### PROVIDED MATERIAL

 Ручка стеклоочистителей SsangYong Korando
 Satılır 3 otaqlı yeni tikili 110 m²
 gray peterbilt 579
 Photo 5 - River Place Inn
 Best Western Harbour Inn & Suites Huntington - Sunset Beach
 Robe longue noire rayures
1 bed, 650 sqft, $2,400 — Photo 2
* * *
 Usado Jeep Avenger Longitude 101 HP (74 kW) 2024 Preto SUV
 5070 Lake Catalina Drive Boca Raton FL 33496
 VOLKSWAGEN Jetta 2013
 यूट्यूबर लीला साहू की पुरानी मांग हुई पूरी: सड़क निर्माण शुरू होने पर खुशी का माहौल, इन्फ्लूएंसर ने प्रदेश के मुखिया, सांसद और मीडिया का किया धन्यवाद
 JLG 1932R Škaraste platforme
==
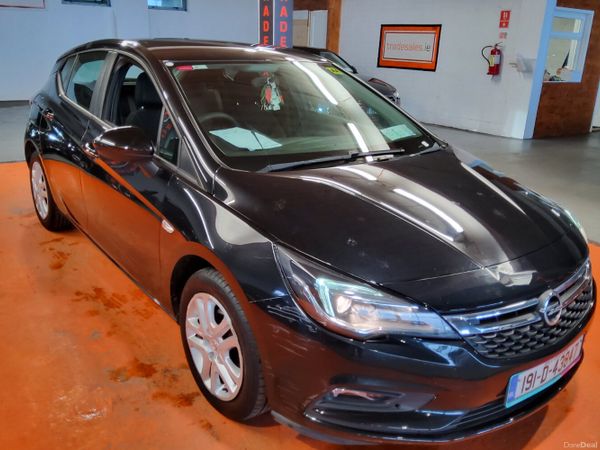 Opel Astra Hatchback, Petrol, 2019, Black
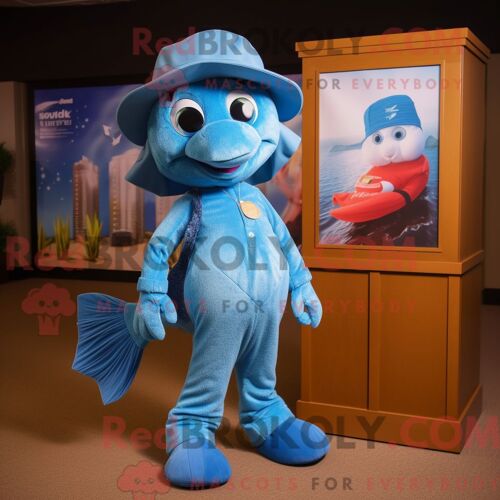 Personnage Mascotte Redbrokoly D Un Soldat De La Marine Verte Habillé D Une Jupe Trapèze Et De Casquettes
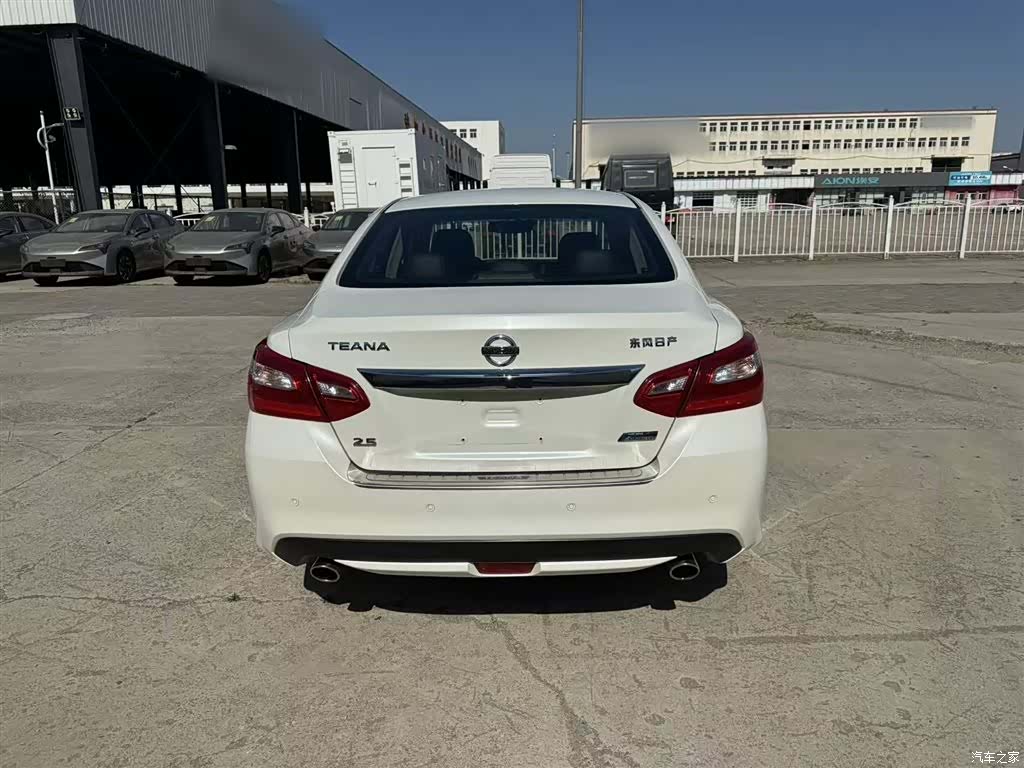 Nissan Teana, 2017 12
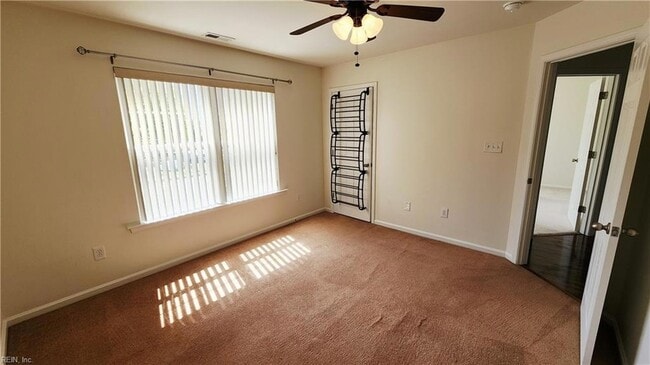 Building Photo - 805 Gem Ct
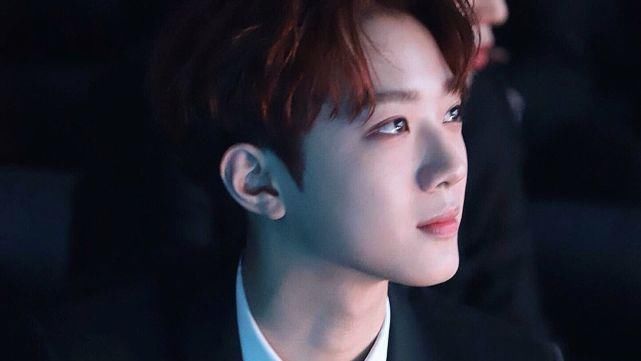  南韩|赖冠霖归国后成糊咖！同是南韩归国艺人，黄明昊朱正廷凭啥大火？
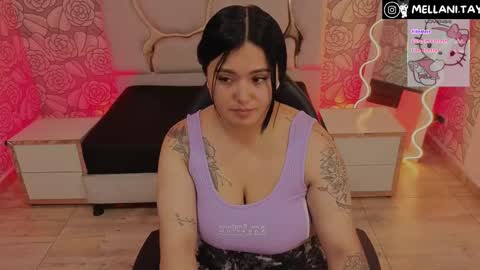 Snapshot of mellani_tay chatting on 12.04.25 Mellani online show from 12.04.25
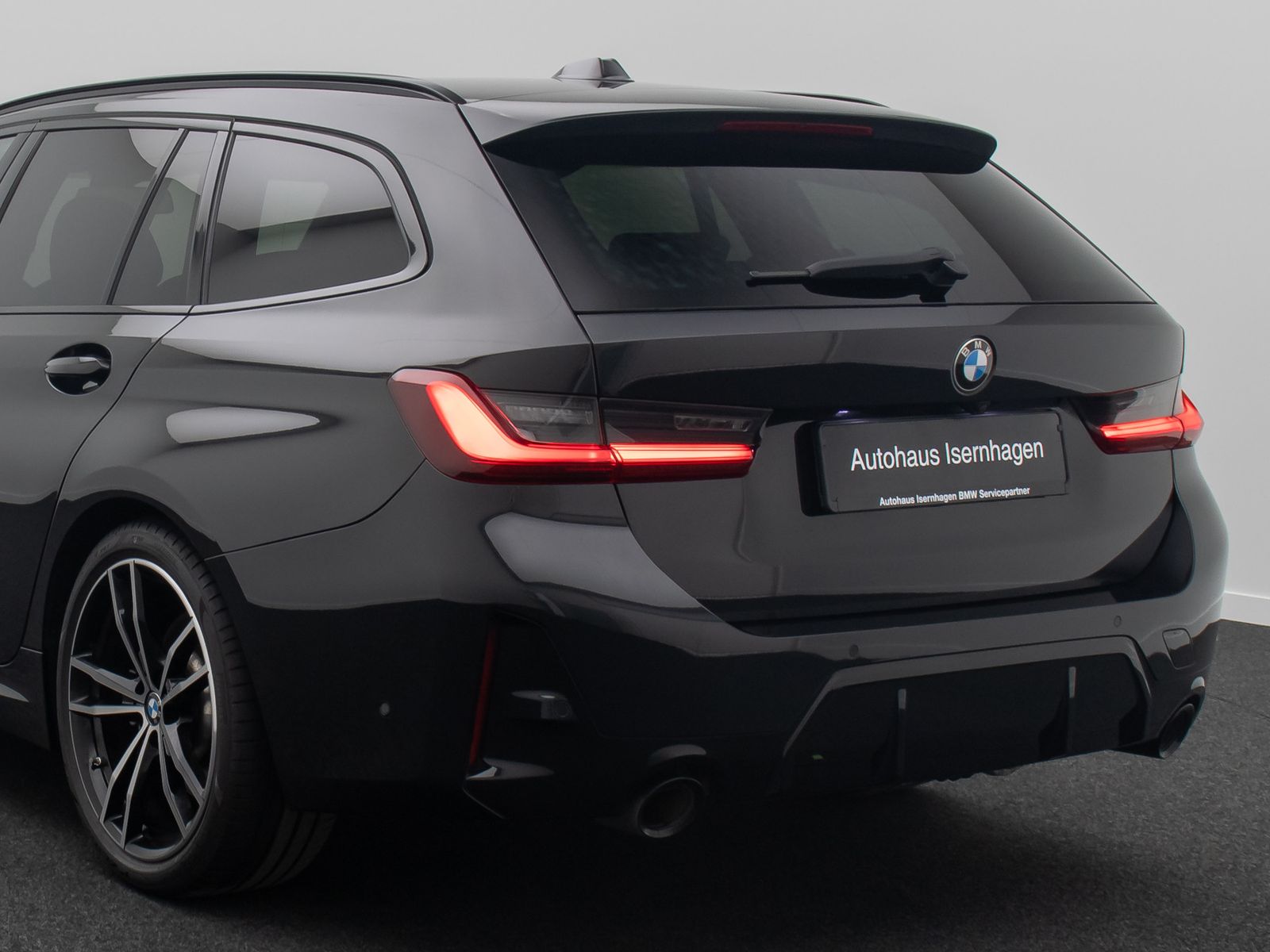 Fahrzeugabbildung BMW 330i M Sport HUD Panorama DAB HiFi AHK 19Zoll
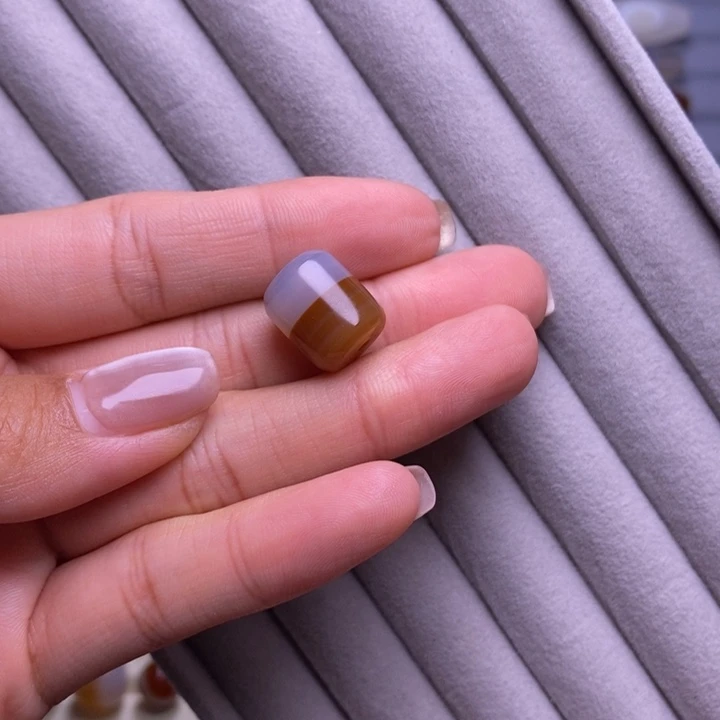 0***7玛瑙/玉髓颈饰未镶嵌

### PROBLEM REQUIREMENTS
Above are some entries; copy exactly the lines from the line with "Personnage Mascotte Redbrokoly" through the line with "0***7玛瑙/玉髓颈饰未镶嵌", both included, but none of the pictures.

### ANSWER TO THIS TASK
 Personnage Mascotte Redbrokoly D Un Soldat De La Marine Verte Habillé D Une Jupe Trapèze Et De Casquettes
 Nissan Teana, 2017 12
 Building Photo - 805 Gem Ct
  南韩|赖冠霖归国后成糊咖！同是南韩归国艺人，黄明昊朱正廷凭啥大火？
 Snapshot of mellani_tay chatting on 12.04.25 Mellani online show from 12.04.25
 Fahrzeugabbildung BMW 330i M Sport HUD Panorama DAB HiFi AHK 19Zoll
 0***7玛瑙/玉髓颈饰未镶嵌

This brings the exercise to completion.